Prior to her year of transitions, Christina had taken on the role of Finance Director at McMaster-Carr and was looking into executive education opportunities to develop her knowledge of leadership and organizational structure. “I was regularly participating in conversations about how we are developing our teams, from individual contributors and departments all the way through every member of our management team up to the director level,” she explains. Her interest in how good leadership and structure look to individuals in an organization drew her to positive psychology instead, she says: “Whether I’m thinking about the way we structure our departments or coaching someone who directly reports to me, or thinking about flourishing for an individual or hundreds and thousands of people, that’s when positive psychology speaks to me.” Shortly after Christina was accepted to MAPP, her demonstrated interest in people management led to her appointment as the company’s first Director of Inclusion and Diversity. “It was perfect, because if anything the MAPP program aligns even better to my current role,” she adds.

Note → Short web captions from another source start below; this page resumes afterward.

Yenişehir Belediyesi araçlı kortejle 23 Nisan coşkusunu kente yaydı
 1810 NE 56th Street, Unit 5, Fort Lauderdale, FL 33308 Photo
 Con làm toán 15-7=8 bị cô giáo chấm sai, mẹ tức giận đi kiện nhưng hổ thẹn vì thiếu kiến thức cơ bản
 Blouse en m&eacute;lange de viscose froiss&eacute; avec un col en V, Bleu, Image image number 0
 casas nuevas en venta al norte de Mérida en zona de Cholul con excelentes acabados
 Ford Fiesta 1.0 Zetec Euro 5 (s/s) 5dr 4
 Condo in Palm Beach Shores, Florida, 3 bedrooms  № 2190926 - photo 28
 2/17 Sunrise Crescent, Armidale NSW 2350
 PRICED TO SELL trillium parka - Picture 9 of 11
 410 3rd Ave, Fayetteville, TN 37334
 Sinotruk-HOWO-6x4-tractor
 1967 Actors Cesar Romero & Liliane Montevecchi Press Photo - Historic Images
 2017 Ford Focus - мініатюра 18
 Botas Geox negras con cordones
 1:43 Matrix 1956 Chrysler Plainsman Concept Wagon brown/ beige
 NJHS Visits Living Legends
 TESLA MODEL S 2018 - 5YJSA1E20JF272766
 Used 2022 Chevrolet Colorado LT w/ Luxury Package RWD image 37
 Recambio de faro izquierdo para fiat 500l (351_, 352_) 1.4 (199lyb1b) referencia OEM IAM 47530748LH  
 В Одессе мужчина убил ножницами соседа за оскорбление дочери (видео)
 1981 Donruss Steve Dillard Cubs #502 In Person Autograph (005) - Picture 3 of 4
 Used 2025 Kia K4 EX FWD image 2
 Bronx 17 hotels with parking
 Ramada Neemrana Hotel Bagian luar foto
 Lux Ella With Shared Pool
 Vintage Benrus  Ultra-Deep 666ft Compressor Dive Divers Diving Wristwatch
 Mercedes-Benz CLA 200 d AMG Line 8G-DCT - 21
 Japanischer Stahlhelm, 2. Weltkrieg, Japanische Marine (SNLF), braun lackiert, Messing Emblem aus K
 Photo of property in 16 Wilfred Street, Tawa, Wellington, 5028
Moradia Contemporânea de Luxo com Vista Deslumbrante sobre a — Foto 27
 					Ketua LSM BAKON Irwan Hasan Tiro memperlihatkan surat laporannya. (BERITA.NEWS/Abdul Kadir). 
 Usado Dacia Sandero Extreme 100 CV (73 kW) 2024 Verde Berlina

As a MAPP student, Christina says, she was floored by the caliber of her classmates and faculty, many of whom came from a broad range of professions: business, education, entertainment, law. “The students were so motivated to practice what they preach, and it was refreshing to see the many ways positive psychology could be applied,” she reflects. “One of the worries that you might have in the program is ‘how am I actually supposed to take what I'm learning and make it happen in my company?’ But here there are fifty people earnestly trying it out in their industries, and it sparked a lot of ideas.” In her new role, Christina was able to put many of those ideas to work right away. For example, she teaches workshops on active constructive responding, a listening technique that she also practices at home with her growing family. She has incorporated a strategy of appreciative inquiry into her company’s ongoing conversations about improving organizational culture and welcoming employees from diverse backgrounds. Christina includes space for meditation and self-care throughout corporate training sessions: “Inclusion and diversity affects people, and it’s hard not to get compassion fatigue,” she explains.
“MAPP is an investment in yourself,” concludes Christina. “It has tremendous personal value. But it is also an investment in a way of thinking: What is going right? How can we continue to strengthen that? What are we missing when we only identify problems?”